Le Général s’est manifestement bien renseigné à mon sujet — une fiche posée sur son bureau en témoigne — et il semble ne rien ignorer du parcours professionnel qui a été le mien jusque-là, de mes origines, de ma famille, de mes études. C’est au jeune député de Corrèze qu’il s’intéresse avant tout, dont il a suivi l’élection avec la même attention qu’il prête aux résultats de chaque circonscription, à leur évolution d’un scrutin à l’autre. La haute idée que le Général se fait de la France, la vision universelle qu’il a de son destin et de sa place dans le monde, s’enracinent en quelque sorte dans une connaissance intime, minutieuse de ses particularités locales, de ses us et coutumes tant politiques que géographiques et même culinaires. Au cours de la demi-heure d’entretien qu’il m’accorde, il n’est question que de la situation politique et économique en Corrèze, sur laquelle il m’interroge en détail, point par point, curieux de tout, comme si l’avenir du pays était étroitement lié à ce qui se passe dans chacun de ces départements de France qu’il a pris soin de visiter, commune après commune, depuis son retour au pouvoir.

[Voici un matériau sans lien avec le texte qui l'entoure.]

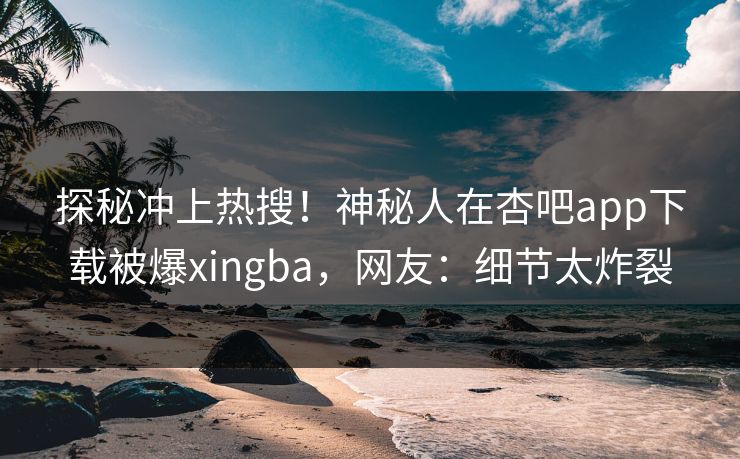 探秘冲上热搜！神秘人在杏吧app下载被爆xingba，网友：细节太炸裂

Un soir d’avril 1967, je croise Georges Pompidou dans l’escalier de Matignon. Il revient de l’Élysée où il est allé proposer au Général les membres de son nouveau gouvernement. Il me prend par le bras : « Jacques, vous ne direz rien, mais je vous ai réservé un strapontin. » Après avoir ménagé un petit silence, il me regarde et ses yeux sourient. Lâchant mon bras, il ajoute : « Souvenez-vous toujours de ne jamais vous prendre pour un ministre. »
C’est ainsi que je suis devenu secrétaire d’État à l’Emploi. Lorsque mon beau-père apprend la nouvelle, il dit à sa fille : « Vraiment, Bernadette, votre mari ne sait pas ce qu’il veut… Il vient à peine d’être élu député et voilà qu’il démissionne pour faire autre chose… »
De fait, je n’ai eu le temps de mettre les pieds qu’à peine deux fois à l’Assemblée nationale en tant que parlementaire. Tout est allé plus vite que je ne pouvais l’imaginer.